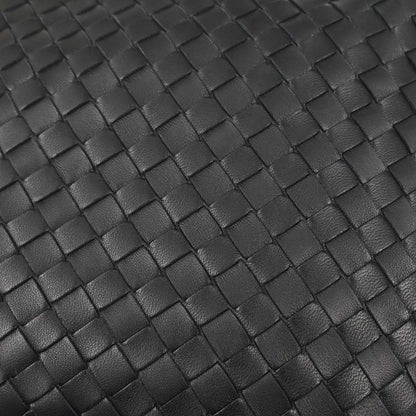 Bottega Veneta Black Lambskin Intrecciato Hobo Handbag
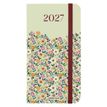3664447229683-Agenda Anahita - 1 semaine sur 2 pages - 9,5 x 17,5 cm - vert clair - Oberthur--0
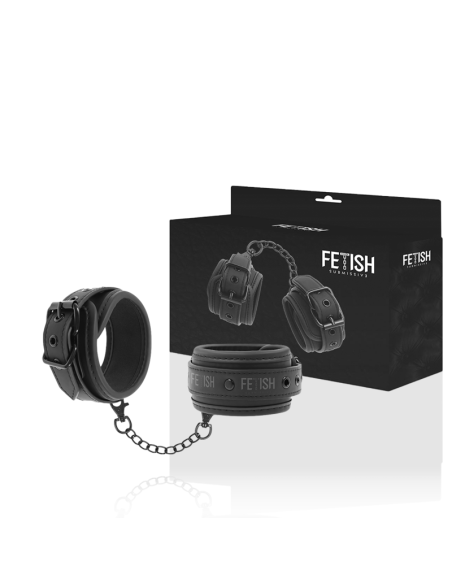FETISH SUBMISSIVE - ESPOSAS CUERO VEGANO CON FORRO DE NEOPRENO Esposas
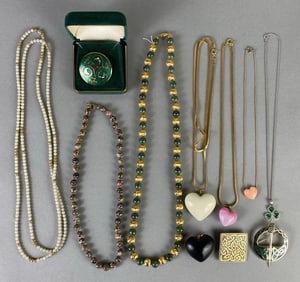 Group of Costume Jewelry Necklaces and More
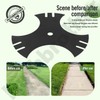 9" X 5/8" Center Hole 781-0748-0637 3-Side Edger Star Blade,
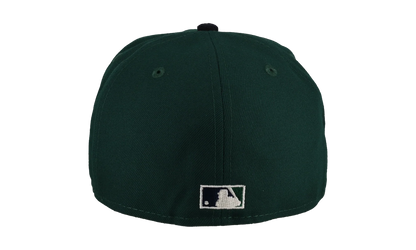 59FIFTY Los Angeles Dodgers 40th Anniversary Fitted Hat "Green / Navy - Corduroy Visor" NE144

# # # #

*Work instruction:* Every line from the one that contains "Group of Costume Jewelry Necklaces and More" through the end of the records above is to be reproduced exactly; no picture goes in the copy.

*Problem solution:*
 Group of Costume Jewelry Necklaces and More
 9" X 5/8" Center Hole 781-0748-0637 3-Side Edger Star Blade,
 59FIFTY Los Angeles Dodgers 40th Anniversary Fitted Hat "Green / Navy - Corduroy Visor" NE144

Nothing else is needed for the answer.